→ Data to use

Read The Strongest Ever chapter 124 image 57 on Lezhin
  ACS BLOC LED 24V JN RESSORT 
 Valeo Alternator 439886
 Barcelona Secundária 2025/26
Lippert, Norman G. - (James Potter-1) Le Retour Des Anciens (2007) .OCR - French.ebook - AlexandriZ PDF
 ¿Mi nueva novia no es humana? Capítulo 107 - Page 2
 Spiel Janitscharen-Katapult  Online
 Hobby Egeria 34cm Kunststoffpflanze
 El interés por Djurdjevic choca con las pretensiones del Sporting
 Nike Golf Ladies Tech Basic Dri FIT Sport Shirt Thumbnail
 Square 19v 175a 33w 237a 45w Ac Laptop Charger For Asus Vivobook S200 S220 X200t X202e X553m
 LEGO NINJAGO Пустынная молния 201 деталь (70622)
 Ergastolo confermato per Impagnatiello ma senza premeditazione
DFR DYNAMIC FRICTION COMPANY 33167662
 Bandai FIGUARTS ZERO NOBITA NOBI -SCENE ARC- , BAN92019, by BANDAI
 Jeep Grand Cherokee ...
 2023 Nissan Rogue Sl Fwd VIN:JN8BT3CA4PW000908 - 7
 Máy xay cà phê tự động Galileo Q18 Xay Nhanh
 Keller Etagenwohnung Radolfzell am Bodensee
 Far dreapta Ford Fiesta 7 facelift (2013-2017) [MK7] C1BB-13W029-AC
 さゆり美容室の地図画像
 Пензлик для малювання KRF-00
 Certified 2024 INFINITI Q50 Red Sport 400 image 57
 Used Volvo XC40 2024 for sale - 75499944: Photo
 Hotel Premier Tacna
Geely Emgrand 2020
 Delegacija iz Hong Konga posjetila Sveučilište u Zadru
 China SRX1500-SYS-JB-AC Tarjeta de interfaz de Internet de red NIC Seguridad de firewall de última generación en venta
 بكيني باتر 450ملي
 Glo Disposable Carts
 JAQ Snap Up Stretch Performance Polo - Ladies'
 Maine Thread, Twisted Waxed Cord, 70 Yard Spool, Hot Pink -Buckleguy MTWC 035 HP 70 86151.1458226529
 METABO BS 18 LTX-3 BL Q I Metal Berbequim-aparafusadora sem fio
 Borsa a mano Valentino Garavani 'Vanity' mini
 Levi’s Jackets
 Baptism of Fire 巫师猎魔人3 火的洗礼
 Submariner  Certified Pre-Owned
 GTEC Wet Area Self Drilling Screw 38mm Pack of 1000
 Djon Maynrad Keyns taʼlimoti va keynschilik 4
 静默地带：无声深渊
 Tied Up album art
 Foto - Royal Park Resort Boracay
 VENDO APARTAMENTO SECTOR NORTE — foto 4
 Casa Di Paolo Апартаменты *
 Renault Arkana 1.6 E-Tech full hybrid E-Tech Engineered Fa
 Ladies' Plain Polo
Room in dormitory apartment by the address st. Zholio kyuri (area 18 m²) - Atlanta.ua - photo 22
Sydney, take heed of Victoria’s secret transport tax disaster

→ Activity
Only the lines holding "Tech" are wanted, so copy each of them from the material.

→ Result of this task
 Nike Golf Ladies Tech Basic Dri FIT Sport Shirt Thumbnail
 Renault Arkana 1.6 E-Tech full hybrid E-Tech Engineered Fa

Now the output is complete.